For 60 years, the Charlottesville-Albemarle Airport (CHO) in Virginia has proven small but mighty. Its terminal takes up just an acre and a half with 50 flights that take off and arrive daily from a single runway. For comparison, the Hartsfield-Jackson International Airport in Atlanta, located an eight-hour drive south, has a terminal complex of over 156 acres with 2,700 flights daily.
Its diminutive size, however, conceals staggering growth. In 2018, CHO served 696,512 passengers, a 10 percent increase from the previous year. Even more impressive: that number has increased by 97 percent over the past decade. With such rapid growth in so little space, the airport struggled to continue delivering the amenities—food, bathrooms, and most importantly safety—expected of much larger airports. Doorway security checks at peak hours were a particular challenge as arriving customers jammed the exit lanes, overwhelming existing infrastructure.
We used to have revolving doors that dated back to 1995. We needed newer technology that would increase passenger throughput.
Melinda Crawford, Executive Director, CHO
In response, the airport spent years expanding and updating its capacities. In 2014, the airport undertook a major upgrade to keep pace that cost over $13 million. In 2012, it completed an 800-foot runway expansion. Upgrades have also included new and improved restrooms, a new restaurant and bar, a new retail store, and additional parking.
One of the trickiest, and most important, challenges the airport had to deliver on, however, was getting the growing numbers of passengers through exit and entryways without compromising on security.
Moving people efficiently through space is important in any building but those complications spiral in an airport where passengers must move from landside (the area of an airport open to the public) to airside, the tightly regulated spaces that include runways and areas where planes taxi and load. Traditionally, the airport had security guards watching all revolving doors to prevent unauthorized entry in either direction. As airport traffic surged, however, the capacity of individual human guards to keep the airport safe and efficient faltered.
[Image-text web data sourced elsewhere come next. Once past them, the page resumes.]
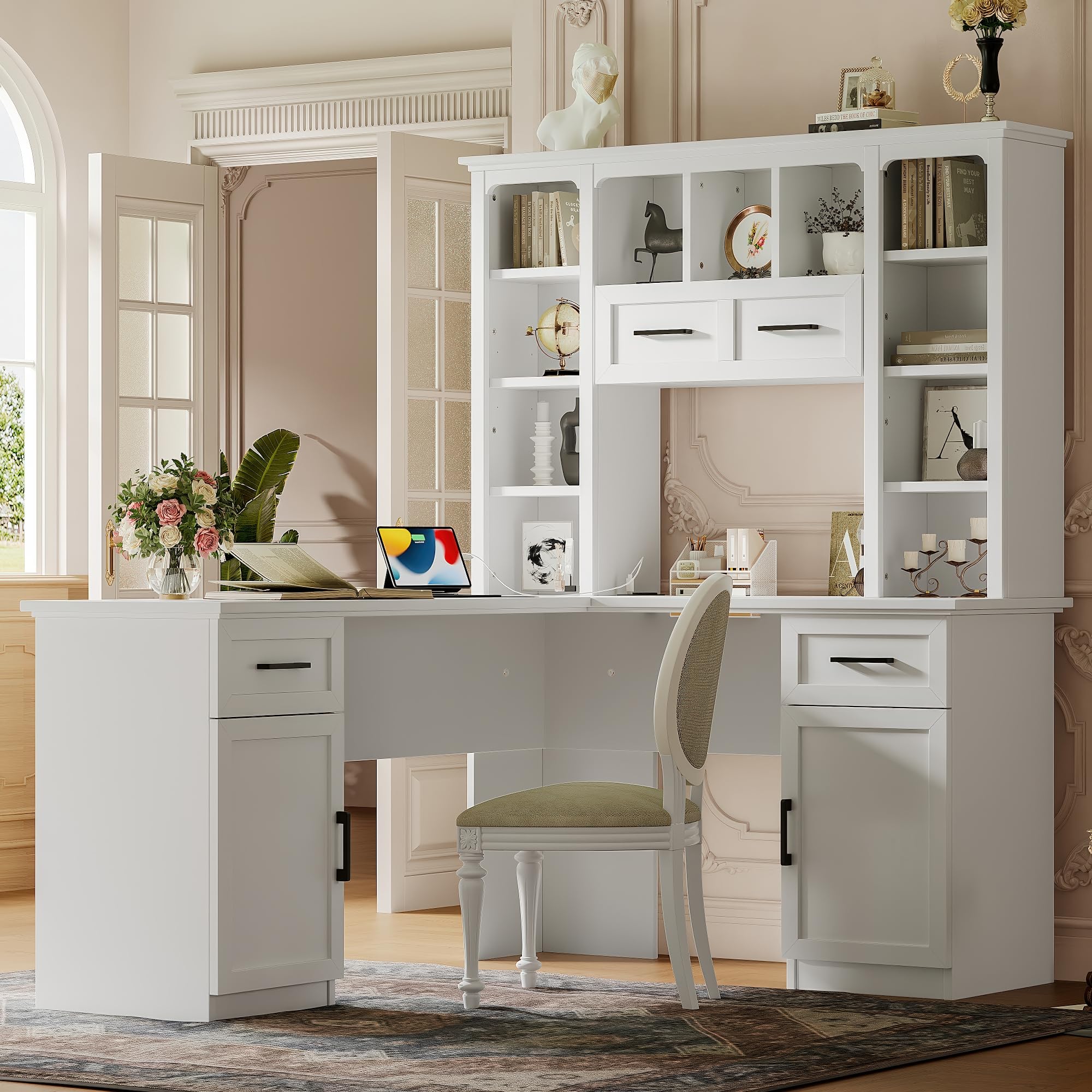 View 1 of **FOR PARTS ONLY, MISSING PIECES** Bellemave L Shaped Executive Desk, Farmhouse l Shaped Desk, Home Office Table with Storage Cabinet and Shelf, Farmhouse Corner Table with Drawers, White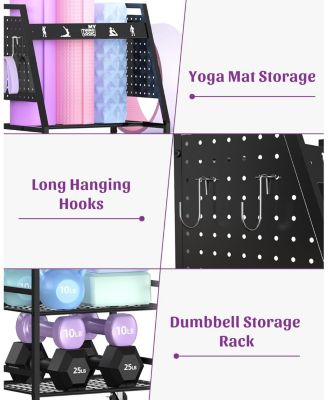 Yoga Mat Storage Racks,Home Gym Storage Rack for Dumbbells Kettlebells Foam Roller,Workout Equipment Storage Organizer.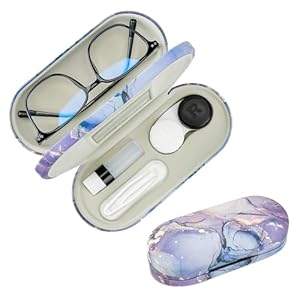 2 in 1 Contact Lens and Glasses Case,Double Sided Dual Use Design with Mirror, Tweezer and Contact Lens Solution Bottle,Portable Soak Storage Kit for Travel,Office(Purple Marble)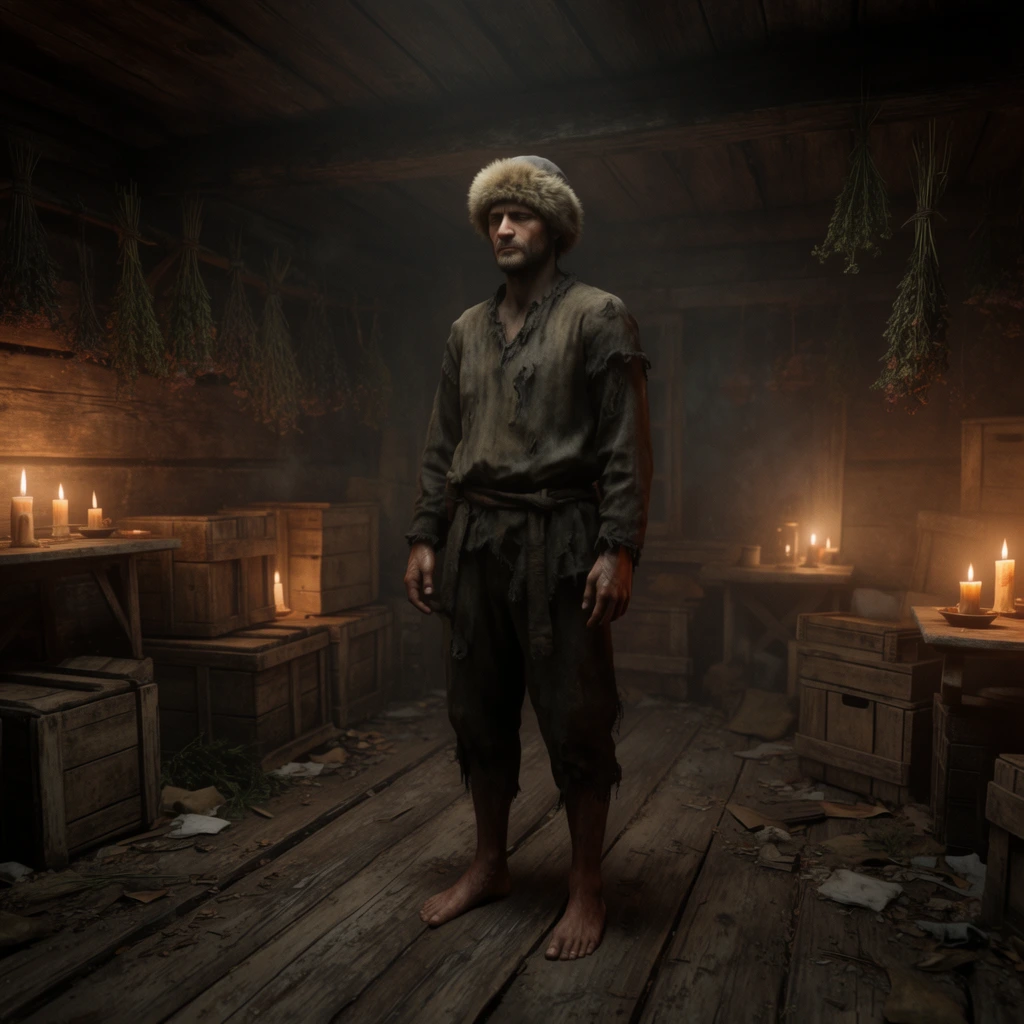 barefoot man in ragged clothes and fur hat standing motionless, gloomy wooden cabin interior, stacked wooden crates and small tables, hanging dried herbs, scattered debris on plank floor, sparse illumination from flickering candles, volumetric haze, deep shadows, low-key lighting, highly detailed 3D render, cinematic wide-angle, grim atmospheric aesthetic, earthy tones, warm orange firelight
In 2016, the airport came up with a solution: the Exit Lane Breach Control. This method involves half-height or full-height double doors that automatically open or close, based on a programmed flow or interlock mode, with the flow of passengers. Advanced sensors can monitor people passing through the wrong side, suspicious activity, or unattended objects. When necessary, an alarm will alert security staff— all without the need for a single guard.
It’s just one example of how new technology can help air travel fly seamlessly into the future—and prove that size doesn’t matter.